Было непонятно, к кому она обращается — к брату или к племяннице.
— Придешь домой, а он поет, вроде меня ждет кто-то…
— Заведи собаку, — сказал Визарин.
— Нет, баста! После Найды никого не хочу…
— Сколько ей было бы сейчас лет?
— Двадцать один.
— Сколько лет живут собаки? — спросила Инна.
— По-разному, племянница, вообще-то собачий предел от двенадцати до, примерно, шестнадцати, не больше…
— Как мало, — сказала Инна грустно.
— Не так уж мало, — заметил Визарин. — Ведь у собак один год за семь.
— Как один год за семь? — не поняла Инна.
— Вот, например, собаке, как тебе, восемь лет, значит, по-нашему, по-человечьему, ей тридцать пять, поняла?
— Нет, — сказала Инна. — Папа, сколько тебе лет?
— Сорок два.
— Сколько же это по-собачьему?
— Давай помножим на семь, получается, сейчас скажу… так, значит, двести девяносто четыре года.
— Каков возраст? — засмеялась Алиса. — Солидный, племянница?
— Да, — сказала Инна. — Очень солидный.
— У вас дома имеется какая-нибудь живность? — спросила Алиса.
Инна кивнула:
— Имеется.
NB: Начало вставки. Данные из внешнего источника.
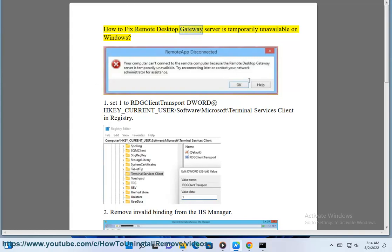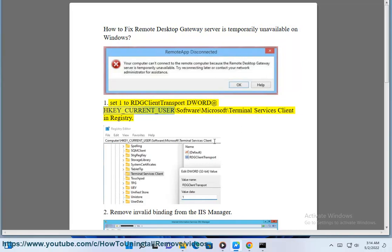How to fix a remote desktop gateway server is temporarily unavailable on Windows. Step 1: Set RDG client transport. Navigate to HKEY_CURRENT_USER\Software\Microsoft\Terminal Services Client in the registry.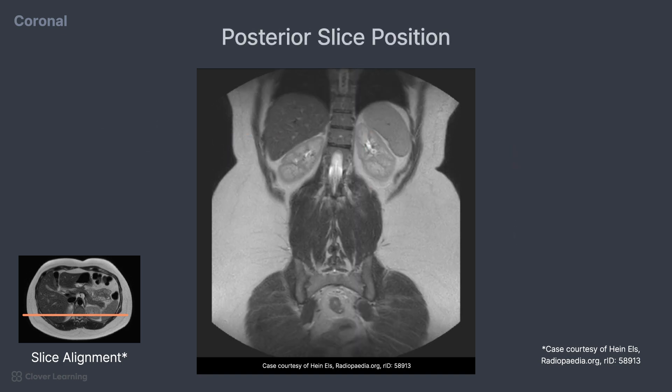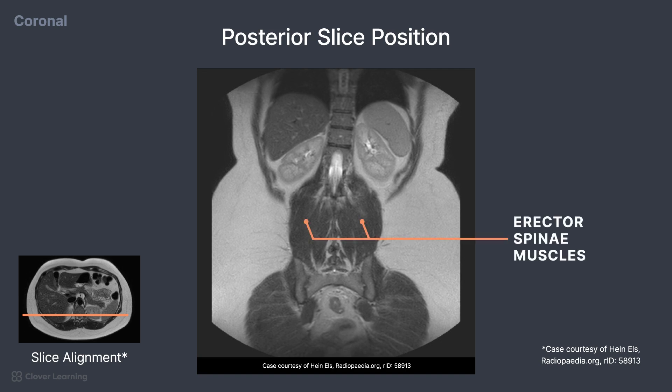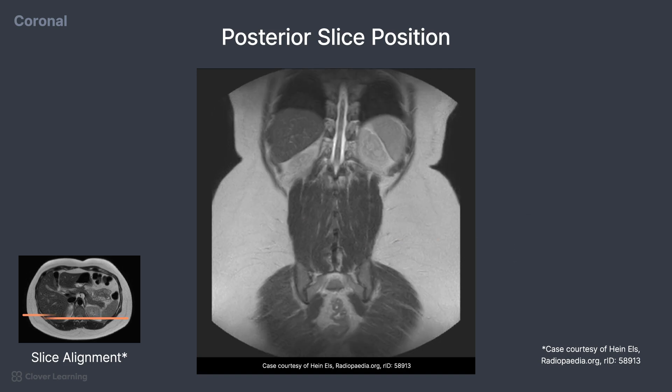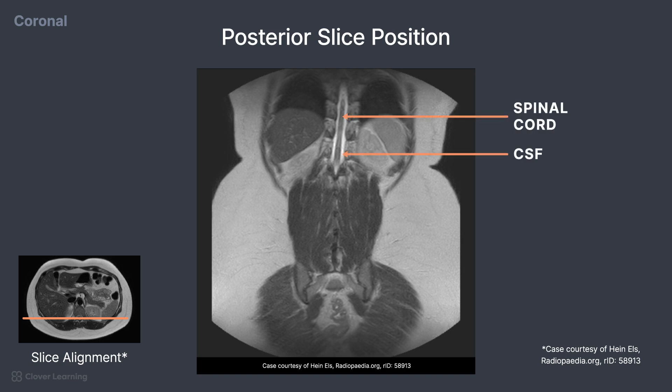As the slices continue posteriorly, the structures of the abdomen begin to reduce in size, and the erector spinae muscles begin to emerge. A portion of the spinal cord in the thoracic area along with the CSF is now visible.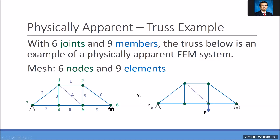If I take an example of a physically apparent structure made of an assemblage, I'll take this simple truss example. If you look at the truss shown here, it is made of nine blue pieces connected together at six green joints. So this truss has six joints and nine members. This is an example of a physically apparent finite element method system.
Черный кот.
Прошлой зимой Инна принесла домой крохотного черного котенка.
— Это еще что такое? — удивленно спросила Лиля.
Она относилась к животным безразлично, ни хорошо, ни плохо, а так, словно ее нисколько не интересовало, сыты они, здоровы ли или нет. Живут себе, ну и пусть живут, ей они, как она выражалась, до лампочки, лишь бы ее не трогали.
Но Инна пошла в его породу: любила и жалела все живое — собак, кошек, птиц, лошадей. Еще совсем маленькой, бывало, просила отца пойти с нею в зоопарк и там подолгу выстаивала возле каждого вольера, возле каждой клетки.